Abstract
Purpose:
The activation of microglia, the primary innate immune cell resident in the retina, produces inflammatory mediators, which underlie changes in diabetic retinopathy including increased vascular permeability. This study evaluates the safety and efficacy of dextromethorphan, a drug capable of inhibiting microglial activation, in the treatment of diabetic macular edema (DME).
Methods:
A single-center, prospective, open-label phase I/II clinical trial enrolled five participants with macular involving DME who received oral dextromethorphan 60 mg twice daily for 6 months as monotherapy. Main outcome variables included central retinal subfield thickness (CST), best-corrected visual acuity (BCVA), macula sensitivity, and late leakage on fluorescein angiogram (FA).
Results:
The study drug was well tolerated. At the primary end point of 6 months, mean CST decreased by −6.3% ± 6.8% and BCVA increased by +0.6 ± 5.11 (mean ± SEM) letters. Late leakage on FA was scored as improved in four of five study eyes. These findings were not correlated with changes in hemoglobin A1c (HbA1c), creatinine, or blood pressure.
Conclusions:
In this proof-of-concept study, dextromethorphan administration as the primary treatment for DME was associated with decreased vascular leakage, suggesting possible therapeutic effects. Additional studies investigating the modulation of microglial activation is warranted.
Translational Relevance:
These findings highlight microglial modulation as a potentially useful therapeutic strategy in the treatment of diabetic macular edema.
Participants were enrolled according to the following person-based inclusion criteria: (1) at least 18 years of age, (2) diagnosis of type 1 or type 2 diabetes, (3) medically stable with normal or mildly abnormal renal and hepatic function, and (4) have a documented hemoglobin A1c (HbA1c) ≤12% within 1 month of study baseline. Patients who were medical unstable, allergic to dextromethorphan or fluorescein, taking or have taken within the last 14 days any medication that could adversely interact with dextromethorphan, having history of treatment with systemic anti-vascular endothelial growth factor (VEGF) agent or steroids within 3 months prior to study entry or who were unwilling to use birth control while being of childbearing potential, were excluded from enrollment.
Participants were also screened with eye-based criteria. Participants were required to have at least one eligible study eye, as defined by the following criteria: (1) best-corrected Early Treatment of Diabetic Retinopathy Study (ETDRS) visual acuity score of 34 letters or better (i.e., 20/200 or better); (2) definite retinal thickening due to DME, based on clinical examination that is not refractory to further therapy based on the investigator's clinical judgment; (3) retinal thickening due to DME within 3000 μm of the center of the macula, as detected on spectral-domain optical coherence tomography (SD-OCT); and (4) media clarity, pupillary dilation, and patient cooperation sufficient for adequate fundus photographs. Eyes that met any of the following criteria also were excluded from enrollment: (1) macular edema arising from a cause other than DME; (2) presence of an ocular condition that in the opinion of the investigator can limit the improvement of visual acuity, even with the resolution of macular edema; (3) presence of an ocular condition (other than DR) that in the opinion of the investigator might influence macular edema or visual acuity during the course of the study; (4) substantial cataract judged as likely to decrease visual acuity ≥ three lines; (5) history of panretinal scatter photocoagulation (PRP) within 4 months of study enrollment; (6) history of pars plana vitrectomy within 6 months of study enrollment; (7) history of major ocular surgery within 3 months of study enrollment; (8) history of yttrium aluminum garnet (YAG) laser capsulotomy performed within 2 months of study enrollment; and (9) history of treatment with any drug that has not received regulatory approval within 3 months of study enrollment.
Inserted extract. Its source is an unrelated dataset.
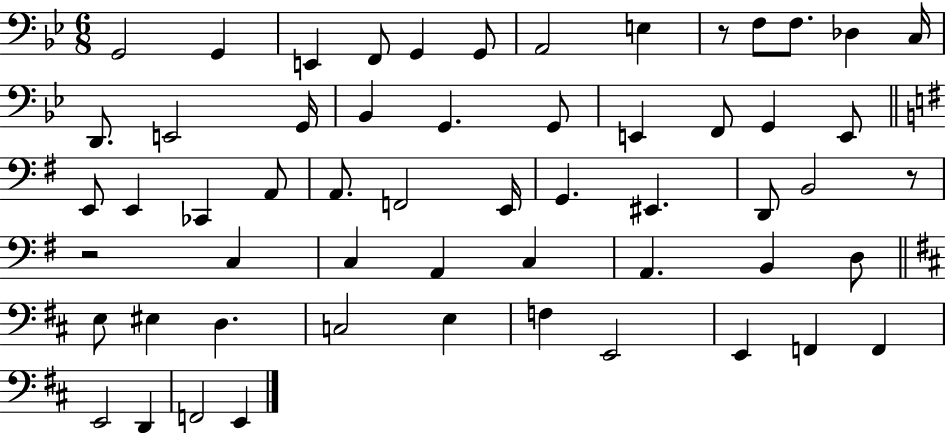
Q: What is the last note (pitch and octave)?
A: E2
Both eyes of each enrolled participant were evaluated in the study to determine eye eligibility. If only one eye in a participant fulfilled the eye-specific criteria, then that eye was designated the “study eye.” If both eyes met eligibility criteria, the treatment-naïve eye was designated as the “study eye,” and the other eye designated the “qualifying fellow eye.” If both eyes were naïve to treatment, the eye with the higher visual acuity score was designated as the “study eye.” Data from all study eyes and qualifying fellow eyes were analyzed.
Dextromethorphan hydrobromide (USP Powder; Ruger Chemical Co., Inc, Warren, NJ) was obtained by the NIH Clinical Center Pharmacy. The NIH Clinical Center Pharmacy compounded the drug to formulate a capsule containing 60 mg dextromethorphan and included the inactive ingredients microcrystalline cellulose, NF (Avicel PH 102, FMC BioPolymer, Philadelphia, PA) and croscarmellose sodium, NF (Ac-Di-Sol, JRS Pharma, LP, Patterson, NY). Participants were instructed to take one capsule orally two times a day, once in the morning and once in the evening approximately 12 hours apart. The exception to this was on the day of the baseline visit, in which participants took only the evening pill.
Study drug compliance was monitored during the study. Participants were asked to record study drug administration using a “pill diary” and to return any unused study medication. Compliance data were measured from a review of the pill diary at each study visit and from study drug accounting of unused medication. Unused study drug was returned to the NIH Research Pharmacy.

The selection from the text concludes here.